The physical is obvious. We are a body made of muscles, bones, and other viscera.

The emotional nature of the structure is that the brain and body are bombarded with stimulus all day, every day, and while we can handle some of that stimulus well, the same doesn’t go for all stimuli.

Add the nuance that some people are more sensitive than others, and as such handle and process situations differently. 

When it comes to the psoas affecting both the emotion and physical nature of our beings, degrees of sensitivity are at the root of it all.

  • A car accident or fall down downstairs can be a major trauma, though not so much if you are a stunt man in the movies.
  • Growing up in a house where you are constantly afraid of a parent or sibling can be emotionally traumatic but it will affect every individual differently.
  • Getting mugged 
  • Something random happens- you get hit by something or someone, and the body is not able to handle that stimulus in that moment.

So how do we deal with these kinds of events?

I believe the way the body deals with things of this nature,  is to store that energy that it can’t handle in the psoas muscle.

 And that’s nonsense in a lot of ways. 

One of my favorite teachers ever was happy to tell me that is nonsense.

“Emotions don’t live in muscles, muscles move the body.” 

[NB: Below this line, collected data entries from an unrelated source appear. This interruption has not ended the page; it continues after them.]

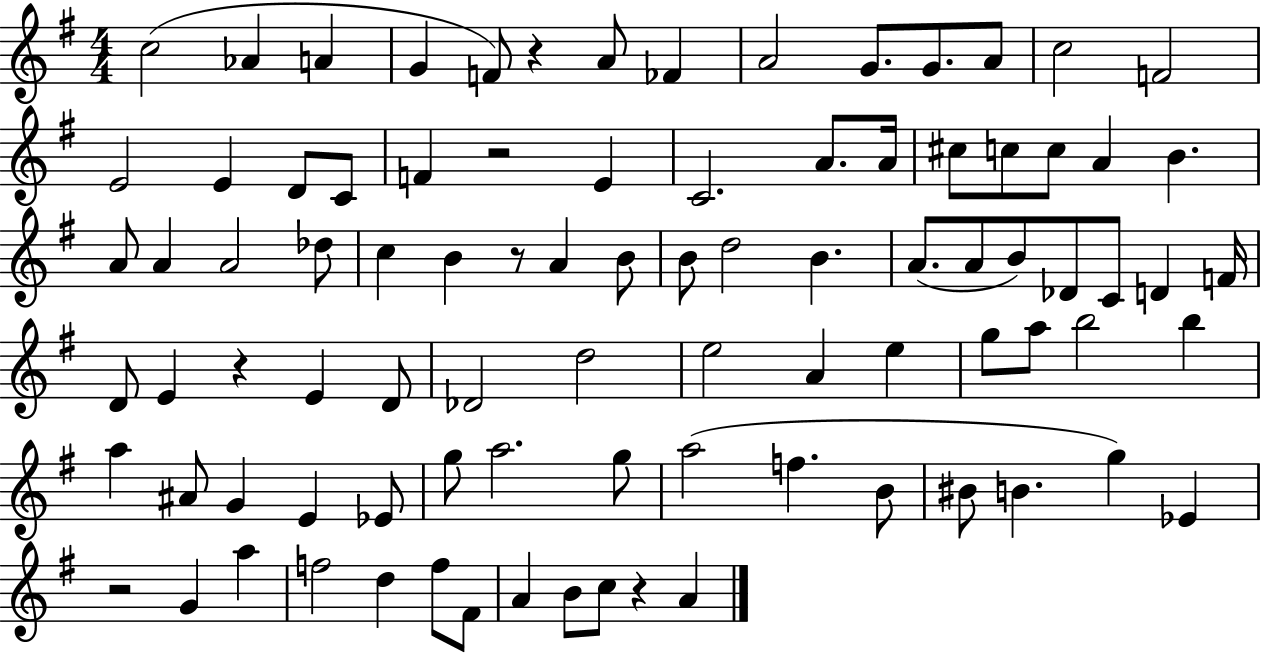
X:1
T:Untitled
M:4/4
L:1/4
K:G
c2 _A A G F/2 z A/2 _F A2 G/2 G/2 A/2 c2 F2 E2 E D/2 C/2 F z2 E C2 A/2 A/4 ^c/2 c/2 c/2 A B A/2 A A2 _d/2 c B z/2 A B/2 B/2 d2 B A/2 A/2 B/2 _D/2 C/2 D F/4 D/2 E z E D/2 _D2 d2 e2 A e g/2 a/2 b2 b a ^A/2 G E _E/2 g/2 a2 g/2 a2 f B/2 ^B/2 B g _E z2 G a f2 d f/2 ^F/2 A B/2 c/2 z A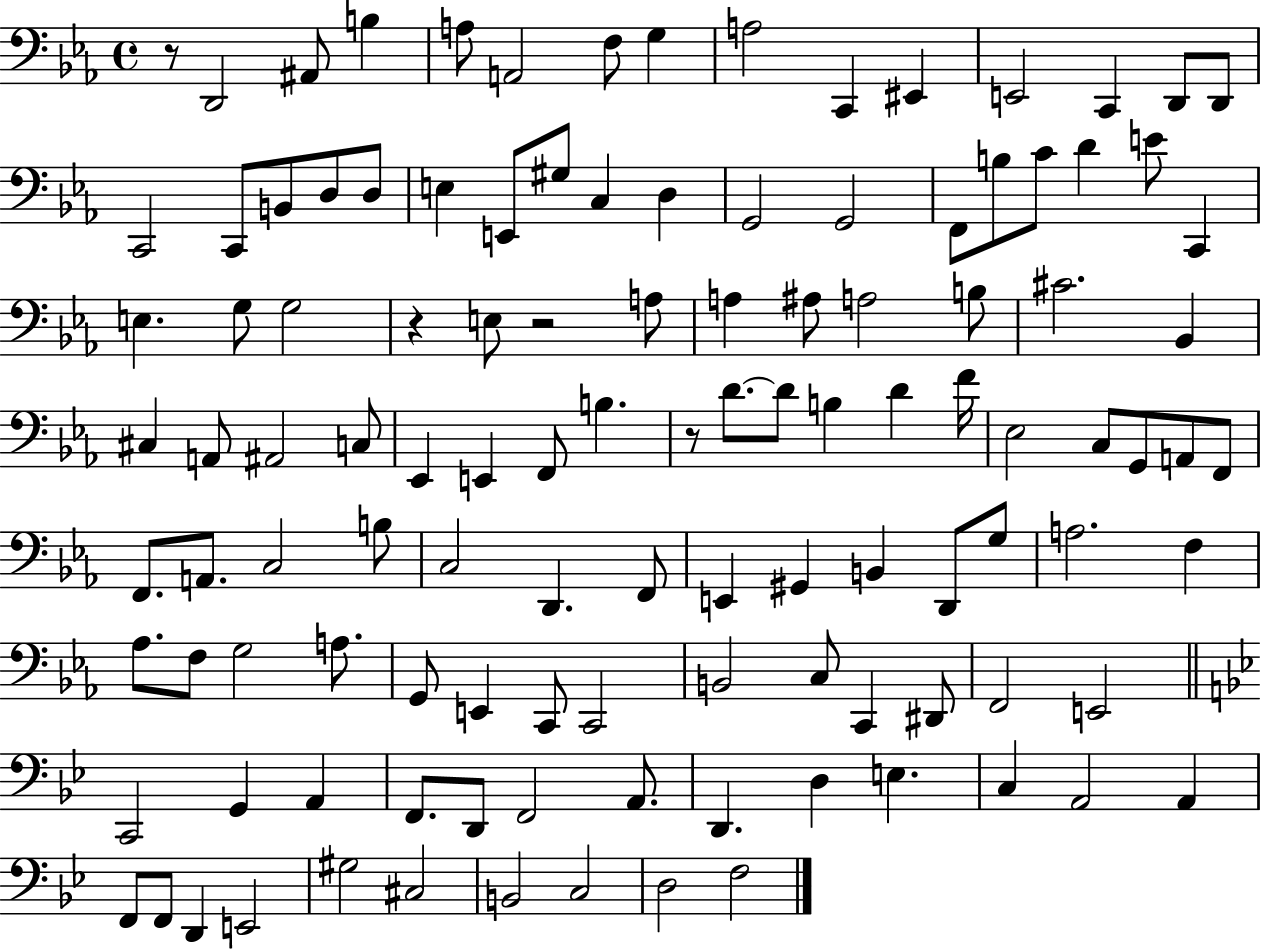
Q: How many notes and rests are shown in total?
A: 116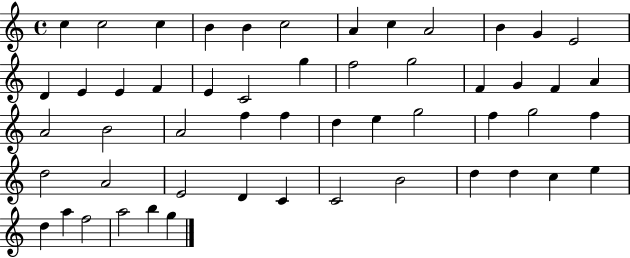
X:1
T:Untitled
M:4/4
L:1/4
K:C
c c2 c B B c2 A c A2 B G E2 D E E F E C2 g f2 g2 F G F A A2 B2 A2 f f d e g2 f g2 f d2 A2 E2 D C C2 B2 d d c e d a f2 a2 b g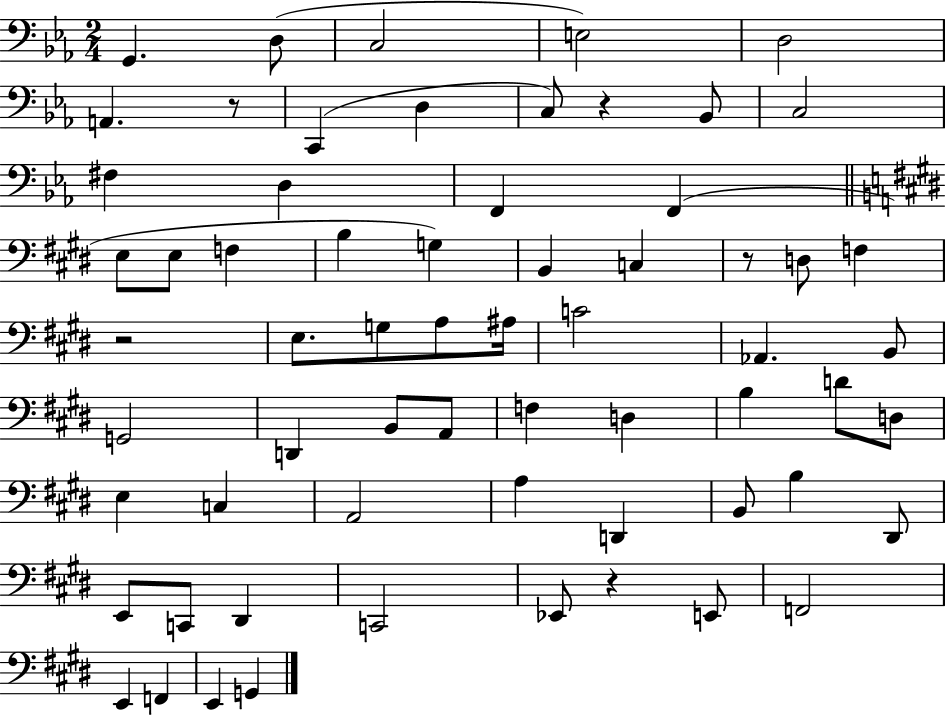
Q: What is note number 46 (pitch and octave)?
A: B2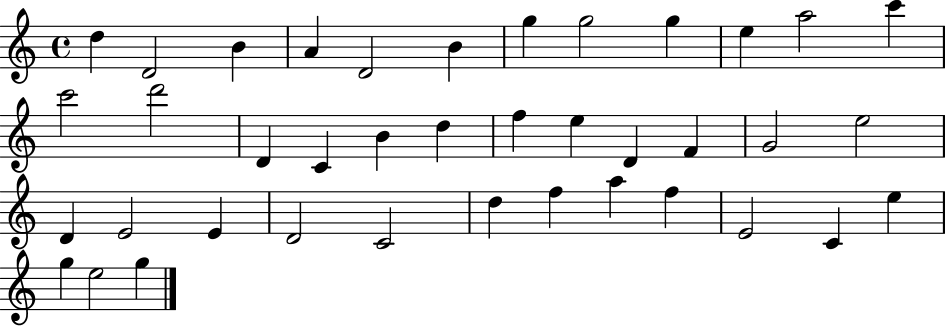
D5/q D4/h B4/q A4/q D4/h B4/q G5/q G5/h G5/q E5/q A5/h C6/q C6/h D6/h D4/q C4/q B4/q D5/q F5/q E5/q D4/q F4/q G4/h E5/h D4/q E4/h E4/q D4/h C4/h D5/q F5/q A5/q F5/q E4/h C4/q E5/q G5/q E5/h G5/q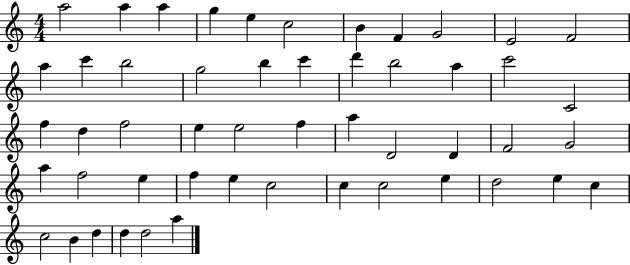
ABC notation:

X:1
T:Untitled
M:4/4
L:1/4
K:C
a2 a a g e c2 B F G2 E2 F2 a c' b2 g2 b c' d' b2 a c'2 C2 f d f2 e e2 f a D2 D F2 G2 a f2 e f e c2 c c2 e d2 e c c2 B d d d2 a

I have nothing but respect for that teacher, but in my take the psoas really does hold onto energy that the body is not ready to let go of. 

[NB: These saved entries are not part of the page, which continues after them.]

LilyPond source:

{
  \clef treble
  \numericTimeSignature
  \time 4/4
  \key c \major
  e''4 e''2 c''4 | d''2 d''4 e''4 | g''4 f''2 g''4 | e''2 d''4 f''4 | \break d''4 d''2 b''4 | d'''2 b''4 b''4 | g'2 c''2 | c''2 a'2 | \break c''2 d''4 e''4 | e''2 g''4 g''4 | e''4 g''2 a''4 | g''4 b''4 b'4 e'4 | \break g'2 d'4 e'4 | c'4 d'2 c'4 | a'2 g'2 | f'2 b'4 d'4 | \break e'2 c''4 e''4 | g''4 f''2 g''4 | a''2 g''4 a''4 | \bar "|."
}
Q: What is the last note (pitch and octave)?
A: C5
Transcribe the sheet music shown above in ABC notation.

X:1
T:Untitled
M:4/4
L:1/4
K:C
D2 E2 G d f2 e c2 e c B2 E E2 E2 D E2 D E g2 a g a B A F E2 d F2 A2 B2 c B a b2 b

That’s exactly why it’s all about the psoas.

The key to all of my work is a belief that our body is always interested in letting go of this unprocessed energy or trauma, but we have to create the environment for the body to do that. 

From my perspective, we do that with psoas release exercises. 

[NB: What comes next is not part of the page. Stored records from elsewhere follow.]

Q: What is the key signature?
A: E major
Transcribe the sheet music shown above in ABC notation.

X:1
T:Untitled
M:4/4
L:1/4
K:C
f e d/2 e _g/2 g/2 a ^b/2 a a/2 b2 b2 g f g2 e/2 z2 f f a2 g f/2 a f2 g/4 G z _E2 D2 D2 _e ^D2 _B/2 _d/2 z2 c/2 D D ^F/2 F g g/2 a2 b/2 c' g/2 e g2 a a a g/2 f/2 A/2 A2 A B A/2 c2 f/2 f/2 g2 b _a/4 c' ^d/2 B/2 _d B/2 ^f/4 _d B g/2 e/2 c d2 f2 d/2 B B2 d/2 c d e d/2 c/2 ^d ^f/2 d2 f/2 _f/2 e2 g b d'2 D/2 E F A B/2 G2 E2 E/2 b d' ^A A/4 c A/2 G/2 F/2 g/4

Before you get to release work you need to understand how the psoas works for you, or in most cases, doesn’t work for you.

It is as simple as this.

The psoas holds you upright. There are only three muscles connecting the upper and lower body.

about the psoas

Psoas major, piriformis, and gluteus Maximus. 

These three muscles, piriformis & gluteus maximus at the back and psoas at the front, are essentially holding the spine upright with the head on top of the spine.

When we stand well, we use the psoas well, and we can employ it all through our life.

When we stand well, we’re healing ourselves. 

The nature of standing well is a healing action because it aligns the psoas well and lets it start to do its thing.

Old You & New You

about the psoas

This is what I call Old You. This is how I think you stand. 

I think you lean backward. That’s what people do in general—  thighs forward, upper body backward.

When you stand this way, because of the position of the pelvis, legs, and spine, you’re not using your psoas. 

And the simple act of shifting your thighs back employs your psoas.

In the Old You, if you go slightly back, you move into a kind of curve like a parenthesis.

And the main thing is—  you don’t use your psoas. 

about the psoas

This is New You. When you put the legs under the hips into New You, you employ the psoas.

You allow the psoas to align well, engage correctly,  and function as designed, to move you through space along with supporting and stabilizing the spine. 

The work I do in regards to the psoas is release work, which is doing very little to accomplish a lot. You lay around doing nothing and you can gain an incredible amount of benefit.

 But, to be clear, you could also heal just by standing better and by walking better. 

And I’m not saying that you don’t walk well or don’t stand well—  but—  I don’t think people use their body best. 

And when you start using your body better, that’s healing.

The body is a self-healing machine. 

Stand well and walk well, and you start to heal the body because the body wants to be aligned well, engaged well, and used well.

And to me, it’s all about the psoas.

If you don’t use the psoas when standing, walking, and even sleeping- which is a whole other thing, it’s very, very hard to get the most out of the body. 

If you buy any of what I’m saying—  that unprocessed energy, that trauma of all different kinds lives in the body and lives in your psoas—  you have to create an environment to let it go.

And you can. You can do that at any time. 

But, and this is a big but, the body doesn’t let go until it’s ready, which is fascinating and a whole other topic.

For now, though, believe that you can heal and you can improve the way you stand and the way you walk. 

With the exception of nerve damage, we can do so many amazing things to heal the body.